Eastern Standard Tribe – Day 41 of 64

“Oh my Lord!” she said, and her hand jumps to the hammer in its bandolier holster on her round tummy. She claws at it frantically.

“Please,” I say, holding my hands in front of me. “Please. I’m hurt is all. I came up here to get some fresh air and the door swung shut behind me. I tripped when I knocked over the chimney to get someone’s attention. I’m not dangerous. Please. Just help me get back down to the twentieth floor—I think I might need a stretcher crew, my back is pretty bad.”

“It’s Caitlin,” she says.

“I beg your pardon?”

“My name is Caitlin,” she says.

“Hi, Caitlin,” I said. I extend my hand, but she doesn’t move the ten yards she would have to cross in order to take it. I think about moving towards her, but think better of it.

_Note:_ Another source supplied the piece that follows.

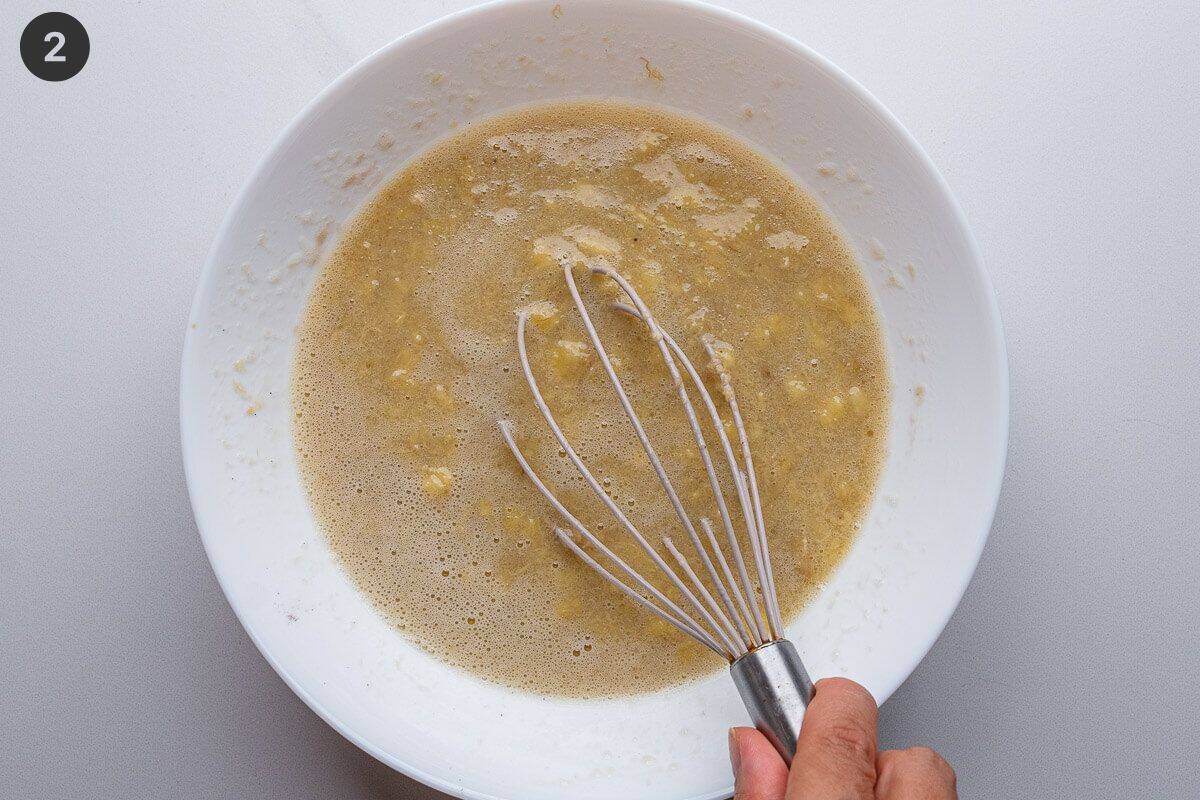 Wet ingredients add to mashed banana in a bowl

“You’re not up here to jump, are you?”

“Jump? Christ, no! Just stuck is all. Just stuck.”

Linda’s goddamned boyfriend was into all this flaky Getting to Yes shit, subliminal means of establishing rapport and so on. Linda and I once spent an afternoon at the Children’s Carousel uptown in Manhattan, making fun of all his newage theories. The one that stood out in my mind as funniest was synching your breathing—“What you resist persists, so you need to turn resistance into assistance,” Linda recounted. You match breathing with your subject for fifteen breaths and they unconsciously become receptive to your suggestions. I have a suspicion that Caitlin might bolt, duck back through the door and pound down the stairs on her chubby little legs and leave me stranded.

So I try it, match my breath to her heaving bosom. She’s still panting from her trek up the stairs and fifteen breaths go by in a quick pause. The silence stretches, and I try to remember what I’m supposed to do next. Lead the subject, that’s it. I slow my breathing down gradually and, amazingly, her breath slows down along with mine, until we’re both breathing great, slow breaths. It works—it’s flaky and goofy California shit, but it works.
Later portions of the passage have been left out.